As you’ve likely already guessed, wind power plays a significant role in the staggering fuel efficiency of this vehicle . A cool 1,400 miles of the journey across the smoldering Australian desert were done solely with wind-generated electricity, which is produced by a turbine with a maximum power of 1,000 volts and a range of approximately 124 miles when its 14-cell lithium ion battery is fully charged.

The rig also featured a kite – yes, a kite — which on the open plains accounted for another 300 miles of the Wind Explorer’s total. Its top speed of 50 mph won’t move the needle for the speed demons out there, but you can’t have it all, can you?

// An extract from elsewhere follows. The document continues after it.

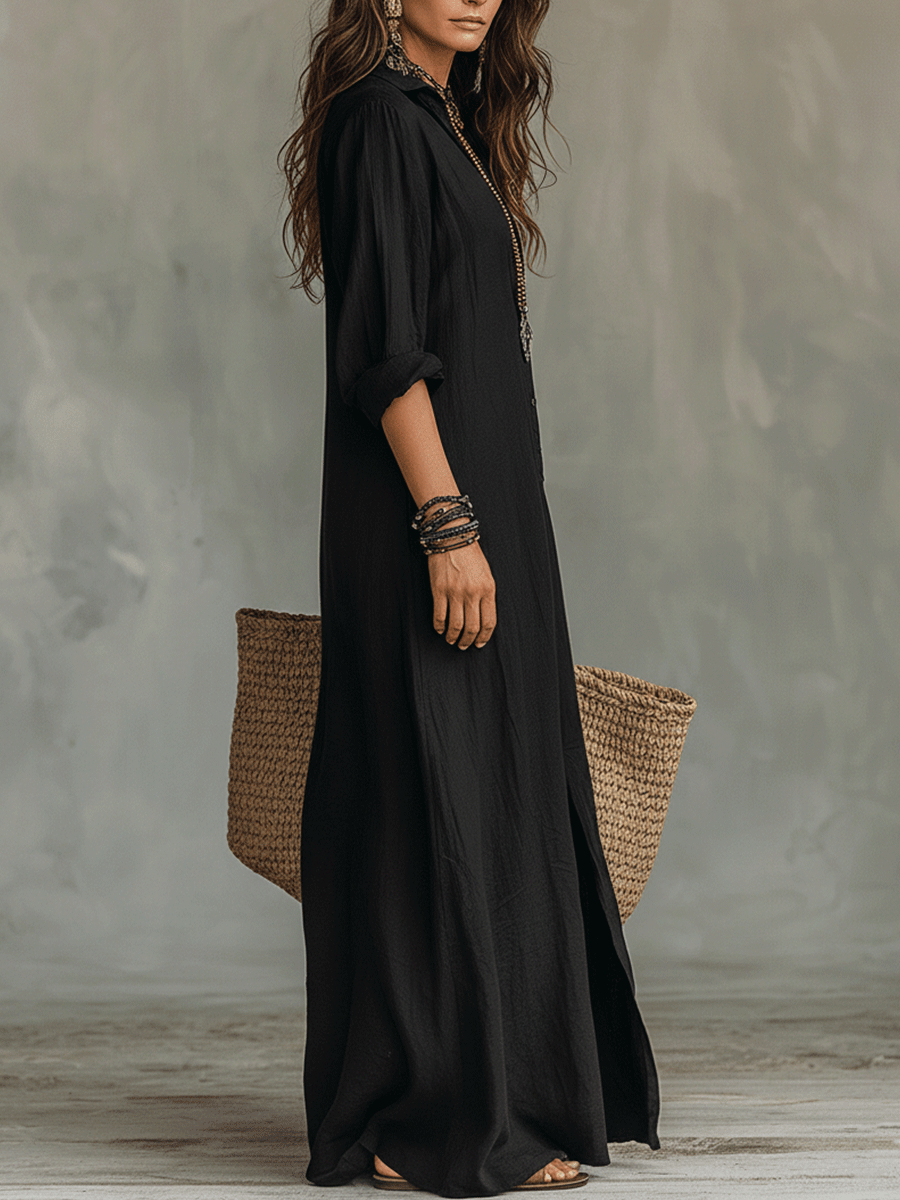 Abito maxi donna nero elegante con bottoni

What really excites me about a car like the Wind Explorer is its breathtaking display of human innovation and potential. Sure, kites wouldn’t be the most practical way to get around, say, New York City (imagine all the tangle-ups…and talk about road rage!), but the fact that we can achieve this kind of efficiency at all shows that we have only begun to scratch the surface of what is possible with green energy.

Just for fun, I calculated what it would cost a standard gasoline-engine car to go the same distance, assuming a respectable 30 miles to the gallon and the depressing $3.55-a-gallon price I begrudgingly flushed away into my car at the Shell station this morning.

The total: $367.65. Put another way, that’s over twenty-four times the cost of the Wind Explorer’s electric energy. When gas hits $4 by this summer (er, way before summer), that’s going to look even sweeter.